Anything to do with horses was close to her heart.
So, where does one start in remembering the most-dedicated, best-known and truly-talented horsewomen?
Obviously in the beginning, as Arletta Flory’s earliest recollections of growing up during the depression related to horses. And, she had close affiliation with horses and all horse people for the rest of her life.
Journalistically correct, one should refer to her as “Mrs. Flory,” or by some styles: “Flory.” Yet, everybody who had any contact with the horsewoman knew her as: “Arletta.” No further description was ever necessary.
Arletta lived on ranches in the Lone Star community of Douglas County, until being confined to a Baldwin City care home, where she passed away recently.
So diverse in every way, complete encompassing Arletta’s life is impossible. But, everything involving horses and horse people was dear to her with never prejudice for breed or discipline. She “loved ’em all.”
Many times, Arletta recalled: “My Dad moved our personals from Leavenworth County with a wagon and team of mules, when I was just a year-old. I rode a horse to school, to church, to town, everywhere.

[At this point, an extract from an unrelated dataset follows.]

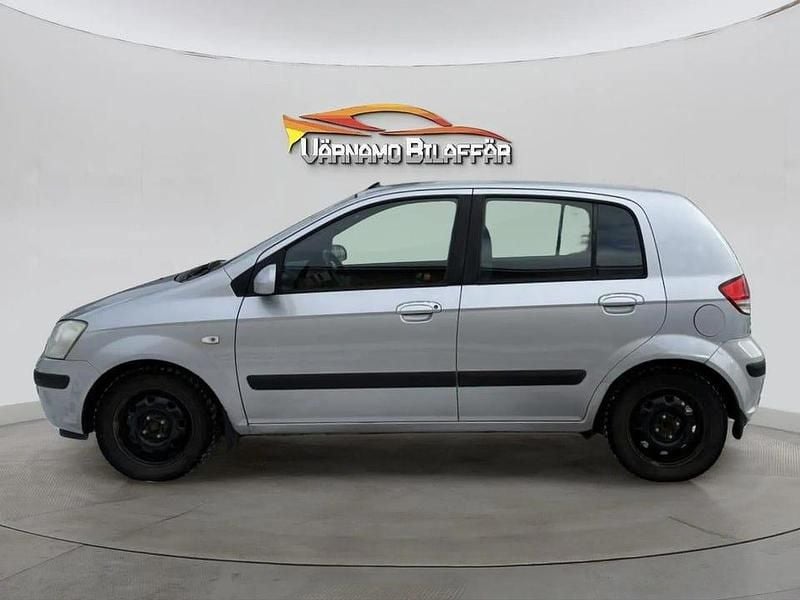 Begagnad Hyundai Getz 105 HK (77 kW) 2003 Grå Halvkombi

I loved driving horses doing field work for my Dad.”
Then, she always quickly added, “My late husband, Ben, courted me on horseback.”
An important wedding present from Arletta’s father, Elmer Downing, was a mare out of one of the family’s favorite horses.
Horses remained a mutual affection for Arletta and Ben as they farmed, milked cows, did ranch work and were involved in horse activities, including trail riding throughout the Midwest.
Their only child, daughter Kathryn, was riding in the saddle alternately with her mom and dad before she could walk, with those horsemanship skills engraved in her genes forever.
With a college degree in horse management, Kathryn continued the family’s horse affiliations further, extending to Arletta’s five grandchildren, and now six great grandchildren.
It was heartbreaking for Arletta when her beloved Ben passed away in 1977. However, the couple had developed horseback riding trails at Clinton Lake, and Arletta continued diligently working them until mounting her horse to do so was impossible
“There are 75 miles of trails at the Rockhaven Horseman’s Area, the only horse and hiking trails of that kind in the state, and just a few nationally,” proclaimed Arletta, who knew every inch of them.
Much of the land, Arletta and Ben, or her family, owned before the government took it over for the reservoir.
“I love working on these trails,” Arletta often said.
“I’ve spent about 1,000 hours a year since 1980, working on these trails,” she noted, while riding them in the early ’90s, always equipped with nippers in her saddle scabbard to pull out for trimming branches.
“The Benjamin Trail, of course, is in memory of my husband, and I named the others in recognition of the families who previously owned the land the trails now cross,” she reflected.
The U.S. Army Corps of Engineers presented Arletta a special award for opening and maintaining the Clinton Lake trail system.
“Ride-For-Alive” has been a fundraiser for the Topeka Chapter of the National Kidney Foundation of Kansas, and Arletta was instrumental in its leadership, many times guiding the annual trail ride.
“I rode every year, along with Kathryn, and my grandchildren, who were each recognized at one time, or another, as being the youngest rider on the ride,” Arletta proudly recalled.
Beyond trails near home, Arletta frequently traveled to Arkansas, Missouri, Oklahoma, Kentucky and additional states to horseback ride trails and make friends.
Honored as a “Kentucky Colonel” for trail riding leadership in that distant state, Arletta was a “Native Kansan of the Year” finalist for her trail blazing and maintenance, as well as her rich agriculture heritage.
One of Arletta’s greatest thrills was being on the White House lawn in 1988, receiving a certificate from President Reagan recognizing her work in his “Take Pride in America” campaign.
Always boarding horses at her ranch, Arletta often helped in selection of the appropriate mounts for owners. She never missing an opportunity to attend a horse sale, or make a horse deal, or “swap.”
Offering public riding lessons, Arletta was a 4-H horse project leader and served the Douglas County Trailer Riders enthusiastically. Wherever there was a horse show in reasonable driving distance, Arletta attended.
Her grandchildren were continually well-mounted, collecting many horsemanship titles.
Riding all horses, Arletta had a fondness for Foxtrotters and become attracted to the Rocky Mountain breed for the spark and endurance .
She showed one of her Quarter Horses to collect a yearend highpoint award in the Kansas State Horse Show Circuit.
Say “Arletta,” and whoever it is responds: “horses.”
The words are synonymous for Arletta Flory’s vast network of friends throughout the Midwest, each with their own cherished memories of her and horses.